::: Records for the task
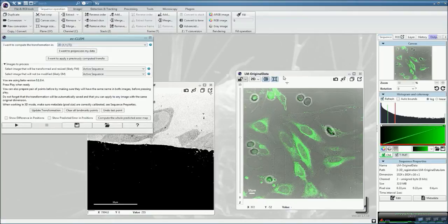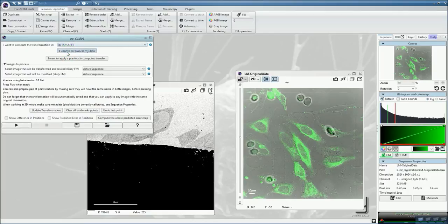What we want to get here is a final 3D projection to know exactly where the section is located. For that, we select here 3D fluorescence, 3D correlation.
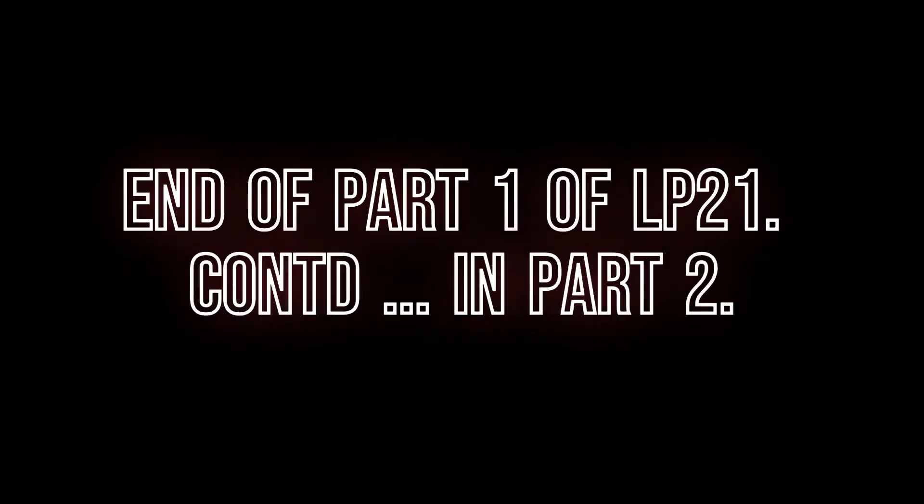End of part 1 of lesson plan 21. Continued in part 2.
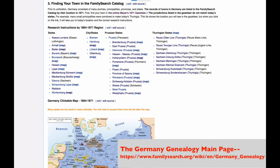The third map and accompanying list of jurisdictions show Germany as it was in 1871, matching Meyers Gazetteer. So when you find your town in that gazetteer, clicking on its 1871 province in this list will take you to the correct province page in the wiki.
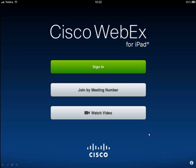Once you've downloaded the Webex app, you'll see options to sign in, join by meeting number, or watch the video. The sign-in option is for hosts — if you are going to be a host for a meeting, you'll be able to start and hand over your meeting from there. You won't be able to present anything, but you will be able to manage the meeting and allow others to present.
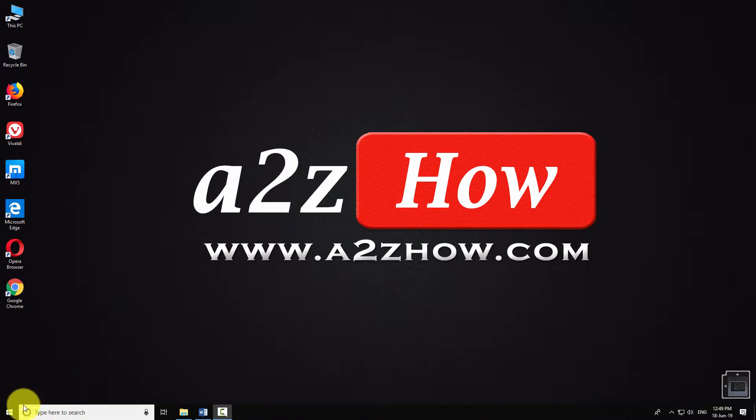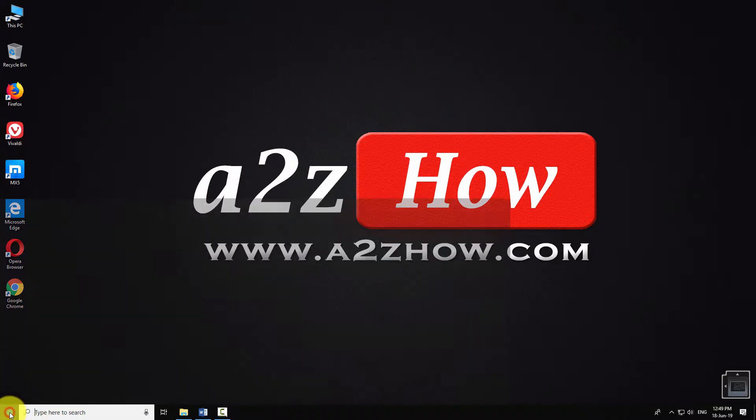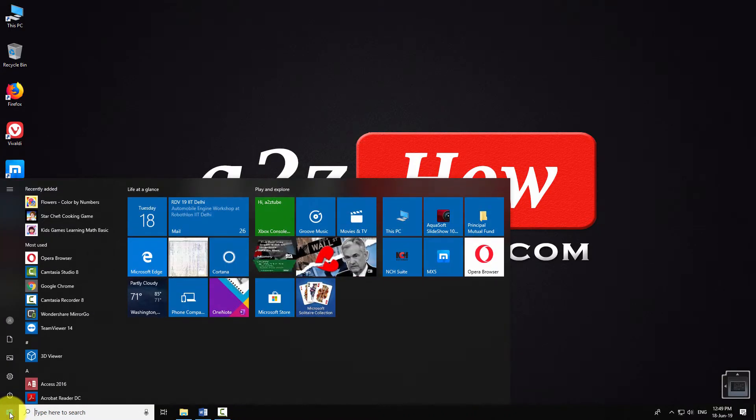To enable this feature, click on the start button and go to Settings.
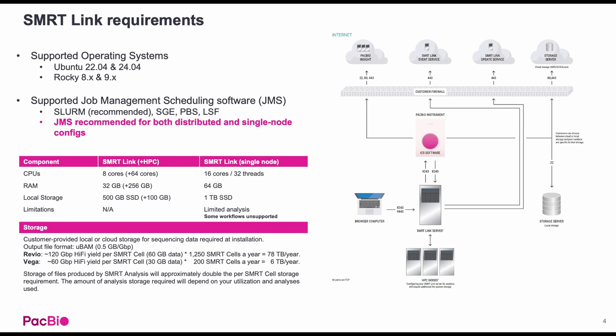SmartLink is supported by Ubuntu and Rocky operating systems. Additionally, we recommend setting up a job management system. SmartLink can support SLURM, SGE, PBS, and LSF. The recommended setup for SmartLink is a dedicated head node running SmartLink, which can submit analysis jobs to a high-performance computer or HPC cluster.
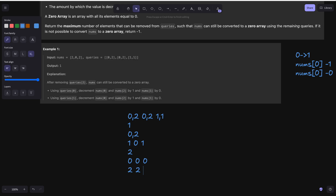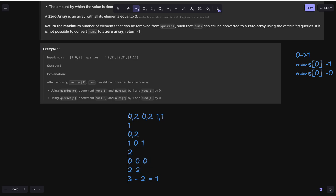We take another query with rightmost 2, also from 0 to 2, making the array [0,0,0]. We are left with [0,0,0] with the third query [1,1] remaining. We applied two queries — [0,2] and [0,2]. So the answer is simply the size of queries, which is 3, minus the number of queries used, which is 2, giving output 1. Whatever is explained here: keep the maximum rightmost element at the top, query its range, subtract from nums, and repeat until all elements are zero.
::::::
::: Records for the task
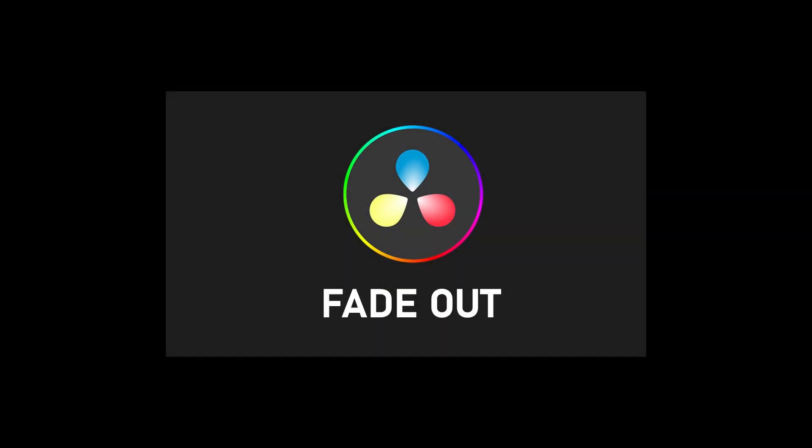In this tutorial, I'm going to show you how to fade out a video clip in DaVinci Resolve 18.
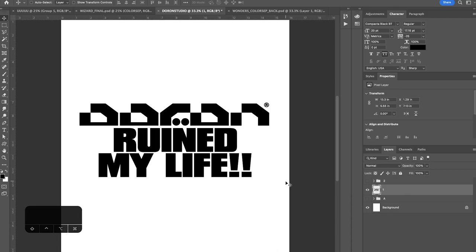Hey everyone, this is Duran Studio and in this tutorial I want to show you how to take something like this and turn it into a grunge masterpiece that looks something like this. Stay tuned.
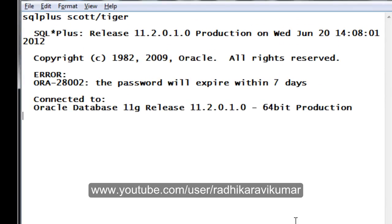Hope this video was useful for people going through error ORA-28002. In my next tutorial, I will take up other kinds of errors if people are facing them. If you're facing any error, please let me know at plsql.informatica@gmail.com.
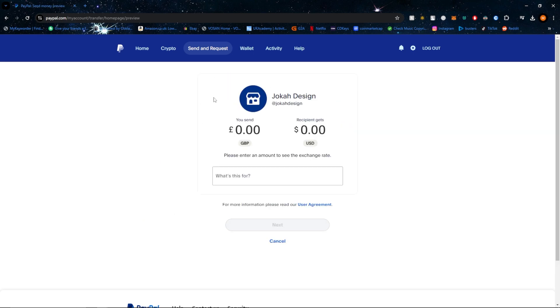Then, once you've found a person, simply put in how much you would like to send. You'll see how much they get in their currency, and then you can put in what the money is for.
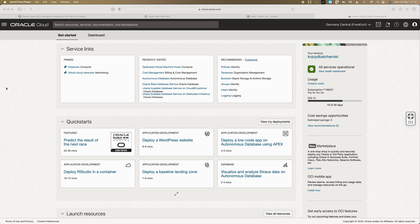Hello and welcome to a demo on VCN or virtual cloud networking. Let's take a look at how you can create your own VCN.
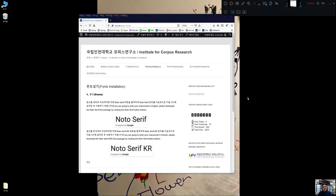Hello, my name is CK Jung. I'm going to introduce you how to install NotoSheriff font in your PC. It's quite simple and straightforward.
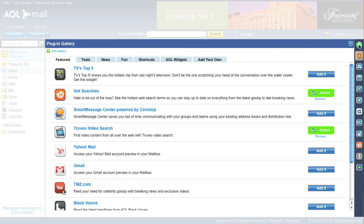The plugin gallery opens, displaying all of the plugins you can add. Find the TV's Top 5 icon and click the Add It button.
::::::
## Aim of the exercise:
Word for word, write out the lines above running from the one with "Hello and welcome" up to and including the one with "The plugin gallery". Drop any picture.

## Answer to this task:
Hello and welcome to a demo on VCN or virtual cloud networking. Let's take a look at how you can create your own VCN.
Hello, my name is CK Jung. I'm going to introduce you how to install NotoSheriff font in your PC. It's quite simple and straightforward.
The plugin gallery opens, displaying all of the plugins you can add. Find the TV's Top 5 icon and click the Add It button.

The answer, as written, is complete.